• The data:
[Start of Attachment]
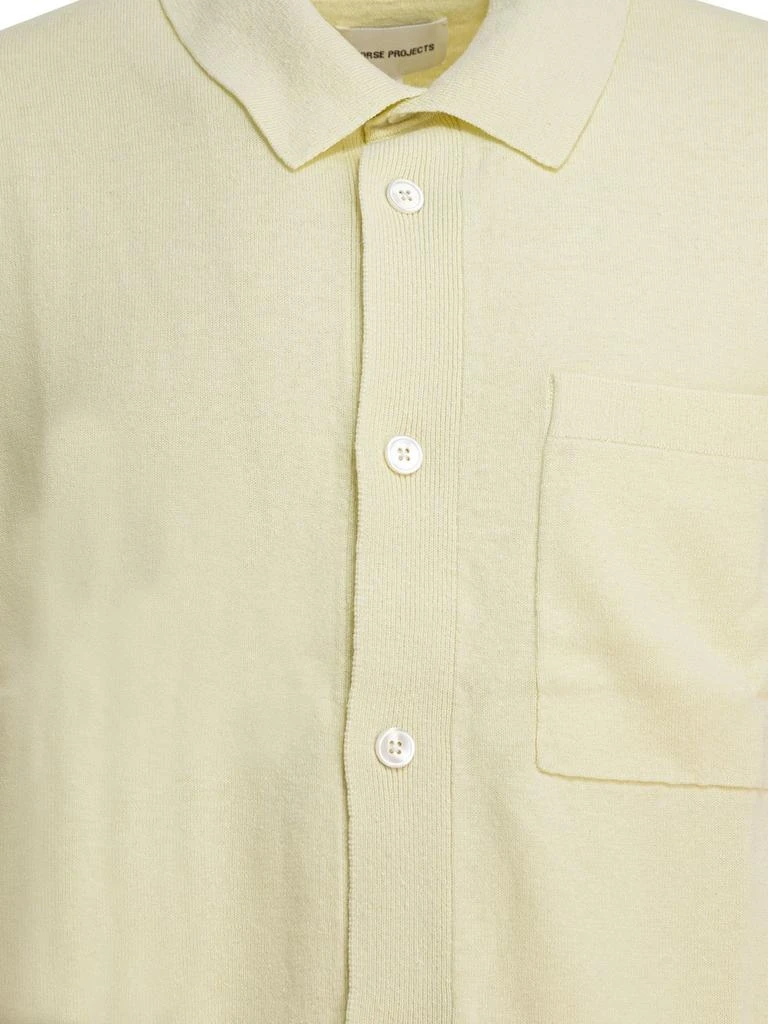 Norse Projects Norse Projects Buttoned Polo Shirt 3
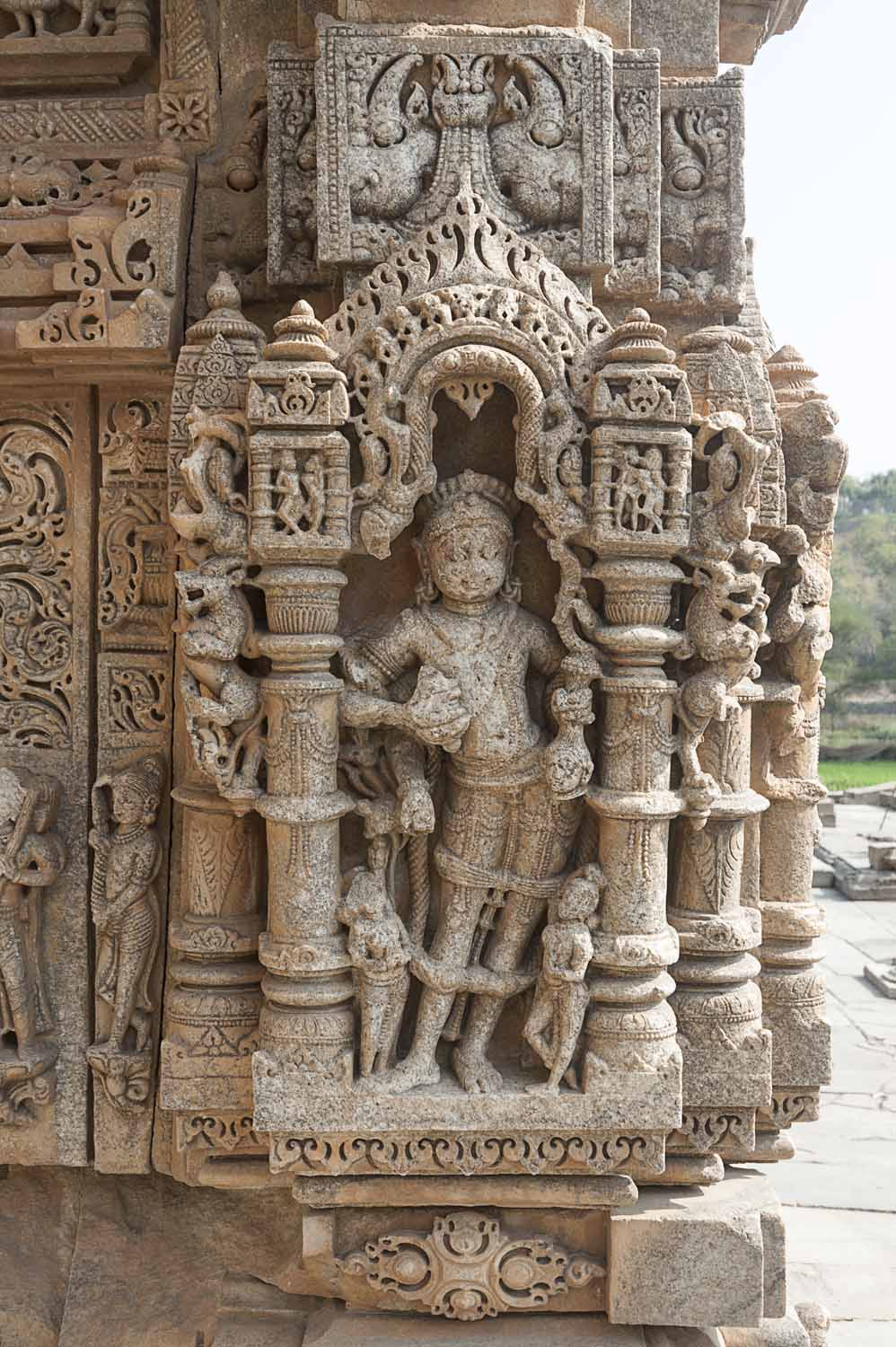 Sas-Bahu Temples, Nagda, Rajasthan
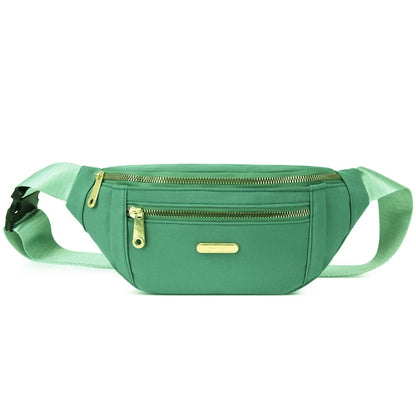 🎒💦 Fanny Pack – Αδιάβροχη Τσάντα Μέσης με Ρυθμιζόμενο Ιμάντα για Γυναίκες 👟✈️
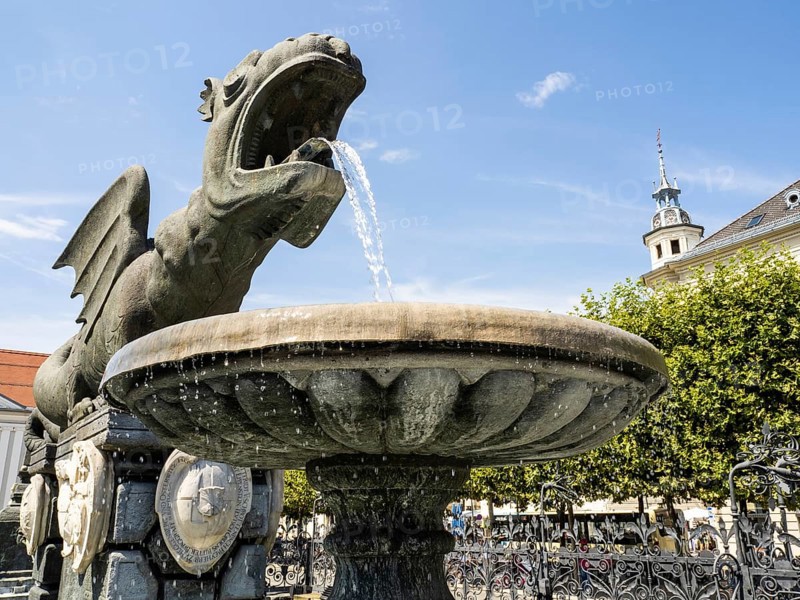 Lindwurmbrunnen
[End of Attachment]
Beginning with the line that contains "Sas-Bahu Temples, Nagda, Rajasthan" and ending with the final line of the material, reproduce those lines exactly and nothing else. Omit the pictures.

 Sas-Bahu Temples, Nagda, Rajasthan
 🎒💦 Fanny Pack – Αδιάβροχη Τσάντα Μέσης με Ρυθμιζόμενο Ιμάντα για Γυναίκες 👟✈️
 Lindwurmbrunnen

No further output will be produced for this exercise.